Z jednej strony łagodne szczyty Gór Taurus, z drugiej lazurowe wody Morza Śródziemnego – na przeszklonym tarasie widokowym w sercu Antalyi (centralna Riwiera Turecka) turyści chcą mieć na zdjęciu właśnie ten obrazek. Niektórzy próbują jeszcze upchnąć w kadrze rzymski port, w którym wygrzewają się mewy. Inni – rybaków zwijających sieci i czyszczących kolorowe łodzie lub smukłą sylwetkę Złamanego Minaretu górującego nad miastem.

Z tarasu widać też świetnie zachowane domy osmańskie z XVIII i XIX w., o których wspominał Kerem.

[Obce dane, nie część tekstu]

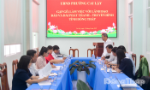 Lãnh đạo Báo và phát thanh, truyền hình Đồng Tháp làm việc với phường Cai Lậy về công tác phối hợp tuyên truyền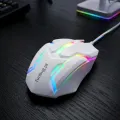 FunBug 7 Light Breathing Gaming Mouse RGB Cheap with FREE Mouse Pad - Gaming Mouse with 7 led - USB Wired Optical Mouse without side buttons for PC, Laptop, Minecraft, Mobile Pubg, Free Fire by FunBug.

A także mury obronne otulające gęstą zabudowę starówki (Kaleici), pamiętającą czasy starożytne. Z portu można na nią wejść schodami, z miasta prowadzi do niej pokaźna dumna Brama Hadriana, czyli jeden z głównych tutejszych zabytków. Łuk triumfalny zbudowali Rzymianie, w niemal nienaruszonym stanie stoi tu od ponad 200 tys. lat.

Stara przystań w Antalyi to jedno z najurokliwszych miejsc na Riwierze Tureckiej. fot. Emad Aljumah/Getty Images

Między starymi kamieniczkami też nie sposób nie robić zdjęć. Kolorowe kramiki z rękodziełem, restauracje z obrusami w biało-czerwoną kratkę pachnące świeżo uciętymi tulipanami i grillowanymi rybami, udekorowane wstążkami lub talizmanami patia aż proszą się, by zwrócić na nie uwagę.

Wizyta w Antalyi to obowiązkowy przystanek na Riwerze Tureckiej. I przystanek jeden z ciekawszych. Miasto zostało założone w 150 r. p.n.e. przez Attalosa II, króla Pergamontu. Ok. 20 lat później wpadło w ręce Rzymian. Ich rządy widać do dziś głównie w Kaleici.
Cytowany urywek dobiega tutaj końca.